When Vitter is elected governor, Louisiana will also continue its tradition of alternating between ineffective “reformers” and “effective” crooks. I remember hearing, years ago, allegations that Vitter had mob ties, and people were too afraid to cross him in politics in any way. I can’t seem to find any published sources, but it’s the kind of thing where a silence can be just as revealing.
If Edwards gets back into Congress, he should be entertaining. He will also be a steadfast Democrat, which is a good thing. Because of all of his shenanigans, it’s often overlooked that he played a key role in bringing African-Americans into the political process in Louisiana, but that was hugely important for the state.
LikeLike
There are some charter schools with good reputations around here. The cyber-charter schools baffle me. You’re basically home schooling your kid and the school district is giving as much as it costs for a regular school for somebody to help you a bit. Plus, the biggest one around here just had its founder arrested for stealing from the company.
LikeLike
Sports do play a role in high school schedules. We attended a meeting for local middle school parents to learn about the high school.

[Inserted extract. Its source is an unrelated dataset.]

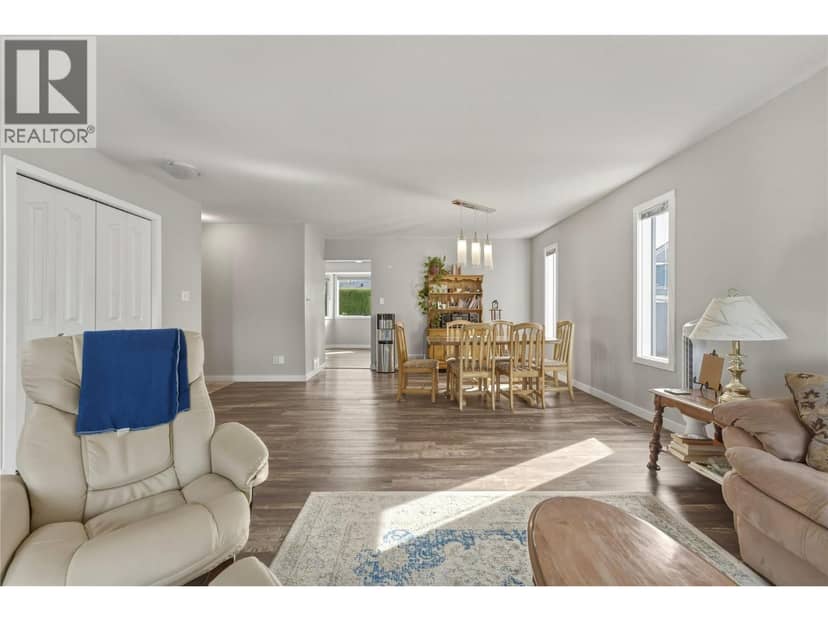 317 3rd Street, Vernon, photo 5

At that time, the administrators recommended high school athletes opt for study halls, rather than a “too-ambitious” schedule. Mind you, at that time, options were limited for everyone.
So, right from the start, there would be the athletes and the academic kids. And heaven help the athlete who blows out his knee sophomore year.
I’m for a healthy balance, and yes, high school kids should be able to play a sport. They should also get enough sleep. However, I don’t think it’s right for a school to encourage what amounts to an “athlete track,” in which students give up access to academic interests in order to play. In the long term, being able to take a course in architecture, or studio art, or double up in sciences pays more dividends than a reduced academic load.